ASSIGNMENT —
Exactly the lines from the one with "this 773×580 image." to the end of the entries should appear in your answer, retyped word for word.

DATA SUPPLIED —
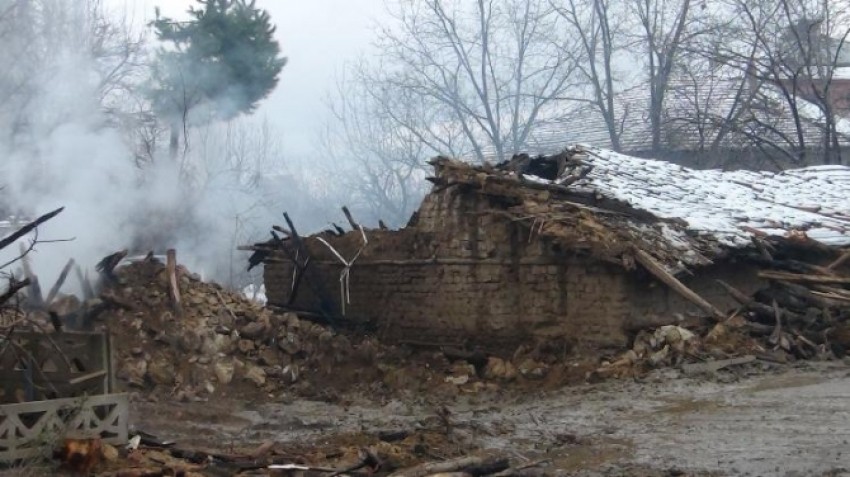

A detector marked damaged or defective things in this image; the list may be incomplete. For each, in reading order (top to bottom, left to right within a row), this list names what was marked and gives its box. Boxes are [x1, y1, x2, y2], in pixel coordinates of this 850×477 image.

broken wooden beam [45, 258, 75, 304]
broken wooden beam [636, 249, 724, 320]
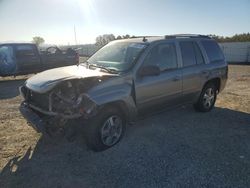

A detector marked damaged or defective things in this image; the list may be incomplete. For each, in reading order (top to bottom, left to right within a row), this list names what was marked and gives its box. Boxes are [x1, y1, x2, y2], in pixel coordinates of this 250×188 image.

bent hood [25, 65, 114, 93]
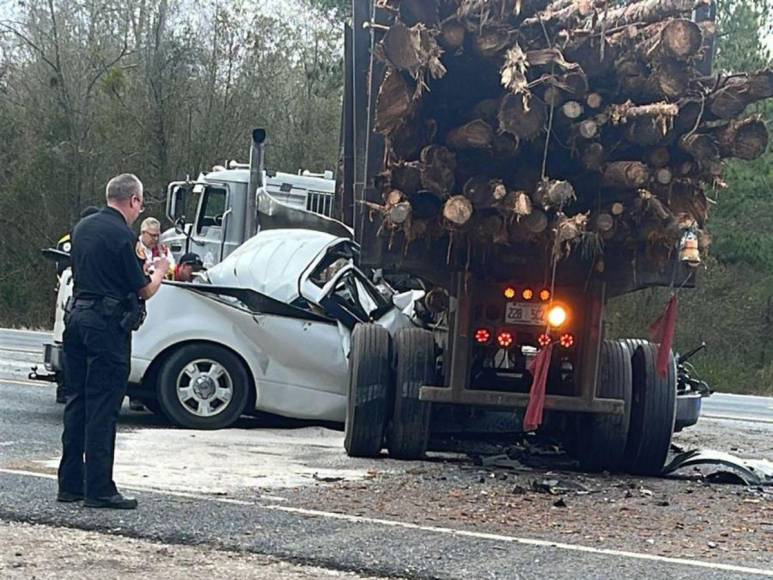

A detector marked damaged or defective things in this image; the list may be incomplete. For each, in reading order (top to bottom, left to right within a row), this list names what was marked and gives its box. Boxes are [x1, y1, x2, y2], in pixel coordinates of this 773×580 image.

crushed white car [39, 230, 422, 430]
crumpled car hood [207, 228, 348, 304]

TASK ANSWER —
A detector marked damaged or defective things in this image; the list may be incomplete. For each, in reading order (top to bottom, left to right within a row), this list names what was marked and gives its box. Boxes are [x1, y1, x2, y2], in pixel coordinates of this 773×580 image.

crushed white car [39, 230, 422, 430]
crumpled car hood [207, 228, 348, 304]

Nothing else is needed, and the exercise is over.